- [Description of the task]
Of the lines below, reproduce exactly those from the line containing "BOLACHA OREO GOLDEN 220G" to the end, including both the first and the last.

- [Records for this exercise]
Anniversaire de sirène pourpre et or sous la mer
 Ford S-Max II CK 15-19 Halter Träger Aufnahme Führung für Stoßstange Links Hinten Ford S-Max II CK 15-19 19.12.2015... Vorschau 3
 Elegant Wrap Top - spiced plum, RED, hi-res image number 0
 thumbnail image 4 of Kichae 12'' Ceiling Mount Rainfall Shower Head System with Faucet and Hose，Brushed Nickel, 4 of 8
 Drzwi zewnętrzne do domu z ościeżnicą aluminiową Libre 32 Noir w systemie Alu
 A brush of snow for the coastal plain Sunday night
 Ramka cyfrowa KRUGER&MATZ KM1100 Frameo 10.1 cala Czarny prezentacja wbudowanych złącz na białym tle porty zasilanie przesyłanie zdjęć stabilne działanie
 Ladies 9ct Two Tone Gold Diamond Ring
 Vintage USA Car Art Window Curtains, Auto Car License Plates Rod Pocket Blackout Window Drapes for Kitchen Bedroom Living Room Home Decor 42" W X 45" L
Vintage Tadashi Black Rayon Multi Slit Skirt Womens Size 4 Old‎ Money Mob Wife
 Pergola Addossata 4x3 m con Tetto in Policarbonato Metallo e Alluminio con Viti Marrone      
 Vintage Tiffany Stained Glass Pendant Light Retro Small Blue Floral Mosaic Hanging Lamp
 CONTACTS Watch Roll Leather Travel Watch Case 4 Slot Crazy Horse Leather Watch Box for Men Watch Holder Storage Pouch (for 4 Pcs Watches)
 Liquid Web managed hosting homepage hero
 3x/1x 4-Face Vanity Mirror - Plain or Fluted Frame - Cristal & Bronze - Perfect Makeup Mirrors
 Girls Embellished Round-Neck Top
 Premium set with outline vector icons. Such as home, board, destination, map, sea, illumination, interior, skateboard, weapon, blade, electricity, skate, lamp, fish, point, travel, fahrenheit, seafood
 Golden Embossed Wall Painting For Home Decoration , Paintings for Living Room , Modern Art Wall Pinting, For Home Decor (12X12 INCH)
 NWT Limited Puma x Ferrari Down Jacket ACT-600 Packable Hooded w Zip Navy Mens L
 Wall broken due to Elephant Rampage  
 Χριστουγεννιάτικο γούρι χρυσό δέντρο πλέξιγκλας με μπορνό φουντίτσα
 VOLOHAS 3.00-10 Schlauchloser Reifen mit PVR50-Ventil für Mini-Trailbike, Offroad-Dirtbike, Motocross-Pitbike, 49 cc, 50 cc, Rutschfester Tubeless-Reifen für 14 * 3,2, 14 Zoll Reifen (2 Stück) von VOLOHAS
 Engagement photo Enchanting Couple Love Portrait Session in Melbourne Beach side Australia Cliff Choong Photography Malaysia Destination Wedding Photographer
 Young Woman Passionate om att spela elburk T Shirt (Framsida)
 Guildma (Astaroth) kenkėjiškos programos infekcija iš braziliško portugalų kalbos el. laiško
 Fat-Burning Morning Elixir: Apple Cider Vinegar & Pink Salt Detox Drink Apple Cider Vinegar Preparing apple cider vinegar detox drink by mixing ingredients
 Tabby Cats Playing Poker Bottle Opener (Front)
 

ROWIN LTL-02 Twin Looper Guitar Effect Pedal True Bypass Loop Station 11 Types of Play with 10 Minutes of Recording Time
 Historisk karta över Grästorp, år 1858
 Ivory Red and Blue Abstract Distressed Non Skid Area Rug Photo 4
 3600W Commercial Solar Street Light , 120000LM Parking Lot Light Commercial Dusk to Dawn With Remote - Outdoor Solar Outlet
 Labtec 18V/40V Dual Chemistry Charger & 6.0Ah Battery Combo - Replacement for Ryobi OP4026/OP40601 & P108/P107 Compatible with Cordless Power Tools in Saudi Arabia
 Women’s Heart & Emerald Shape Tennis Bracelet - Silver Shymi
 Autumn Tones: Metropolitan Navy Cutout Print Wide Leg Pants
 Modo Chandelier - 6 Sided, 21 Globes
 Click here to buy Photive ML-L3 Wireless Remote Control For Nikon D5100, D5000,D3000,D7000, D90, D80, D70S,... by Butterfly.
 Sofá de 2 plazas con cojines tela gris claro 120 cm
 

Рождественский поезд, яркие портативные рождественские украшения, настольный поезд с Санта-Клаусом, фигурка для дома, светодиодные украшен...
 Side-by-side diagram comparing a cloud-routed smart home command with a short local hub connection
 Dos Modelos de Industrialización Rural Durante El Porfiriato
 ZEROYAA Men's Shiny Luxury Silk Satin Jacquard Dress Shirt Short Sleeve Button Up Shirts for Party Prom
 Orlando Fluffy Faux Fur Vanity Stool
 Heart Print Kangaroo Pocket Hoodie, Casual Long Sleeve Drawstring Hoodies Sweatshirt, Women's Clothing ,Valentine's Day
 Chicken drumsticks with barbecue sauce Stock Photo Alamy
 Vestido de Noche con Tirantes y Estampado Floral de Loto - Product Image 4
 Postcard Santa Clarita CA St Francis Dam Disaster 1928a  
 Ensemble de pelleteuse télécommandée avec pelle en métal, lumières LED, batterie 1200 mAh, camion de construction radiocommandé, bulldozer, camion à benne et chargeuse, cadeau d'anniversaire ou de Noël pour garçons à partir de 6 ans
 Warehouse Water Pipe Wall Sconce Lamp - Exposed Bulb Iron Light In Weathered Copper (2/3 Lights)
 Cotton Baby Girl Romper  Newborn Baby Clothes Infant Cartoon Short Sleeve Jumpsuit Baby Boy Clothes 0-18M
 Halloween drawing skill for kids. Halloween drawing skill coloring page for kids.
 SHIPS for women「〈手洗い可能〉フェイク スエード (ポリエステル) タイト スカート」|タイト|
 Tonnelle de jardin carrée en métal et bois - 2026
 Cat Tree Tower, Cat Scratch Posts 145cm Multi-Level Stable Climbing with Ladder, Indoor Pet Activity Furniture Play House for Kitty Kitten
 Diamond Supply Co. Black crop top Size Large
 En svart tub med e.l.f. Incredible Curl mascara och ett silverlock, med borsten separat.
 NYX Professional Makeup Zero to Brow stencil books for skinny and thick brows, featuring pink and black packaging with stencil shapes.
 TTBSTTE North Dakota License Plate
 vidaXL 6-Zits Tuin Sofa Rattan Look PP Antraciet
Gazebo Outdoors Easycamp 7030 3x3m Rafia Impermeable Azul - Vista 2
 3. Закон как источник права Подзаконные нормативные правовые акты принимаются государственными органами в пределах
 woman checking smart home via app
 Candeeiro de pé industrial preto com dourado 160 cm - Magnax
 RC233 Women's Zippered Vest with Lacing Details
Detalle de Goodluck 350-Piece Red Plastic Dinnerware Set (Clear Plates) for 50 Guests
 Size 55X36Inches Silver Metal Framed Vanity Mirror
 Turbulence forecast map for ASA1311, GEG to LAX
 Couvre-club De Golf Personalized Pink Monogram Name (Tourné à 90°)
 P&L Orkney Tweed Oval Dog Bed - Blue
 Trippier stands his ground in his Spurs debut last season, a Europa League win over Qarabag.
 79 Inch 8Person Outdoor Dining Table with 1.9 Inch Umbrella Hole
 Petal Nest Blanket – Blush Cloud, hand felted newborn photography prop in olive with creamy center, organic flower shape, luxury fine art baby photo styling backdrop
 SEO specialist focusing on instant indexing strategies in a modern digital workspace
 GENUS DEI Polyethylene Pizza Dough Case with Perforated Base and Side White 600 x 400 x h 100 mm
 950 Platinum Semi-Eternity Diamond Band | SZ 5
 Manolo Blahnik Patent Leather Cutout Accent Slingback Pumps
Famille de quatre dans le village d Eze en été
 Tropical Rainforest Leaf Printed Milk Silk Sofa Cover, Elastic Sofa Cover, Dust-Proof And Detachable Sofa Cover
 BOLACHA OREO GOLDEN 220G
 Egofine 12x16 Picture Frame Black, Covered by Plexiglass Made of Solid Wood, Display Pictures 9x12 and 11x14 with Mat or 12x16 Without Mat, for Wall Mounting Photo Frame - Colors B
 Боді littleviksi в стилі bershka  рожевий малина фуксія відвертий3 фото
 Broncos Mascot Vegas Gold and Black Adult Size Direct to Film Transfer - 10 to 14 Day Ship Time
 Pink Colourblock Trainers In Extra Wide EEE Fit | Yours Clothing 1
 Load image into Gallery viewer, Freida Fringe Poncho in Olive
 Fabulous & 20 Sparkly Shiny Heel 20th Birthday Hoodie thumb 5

- [Result for this task]
 BOLACHA OREO GOLDEN 220G
 Egofine 12x16 Picture Frame Black, Covered by Plexiglass Made of Solid Wood, Display Pictures 9x12 and 11x14 with Mat or 12x16 Without Mat, for Wall Mounting Photo Frame - Colors B
 Боді littleviksi в стилі bershka  рожевий малина фуксія відвертий3 фото
 Broncos Mascot Vegas Gold and Black Adult Size Direct to Film Transfer - 10 to 14 Day Ship Time
 Pink Colourblock Trainers In Extra Wide EEE Fit | Yours Clothing 1
 Load image into Gallery viewer, Freida Fringe Poncho in Olive
 Fabulous & 20 Sparkly Shiny Heel 20th Birthday Hoodie thumb 5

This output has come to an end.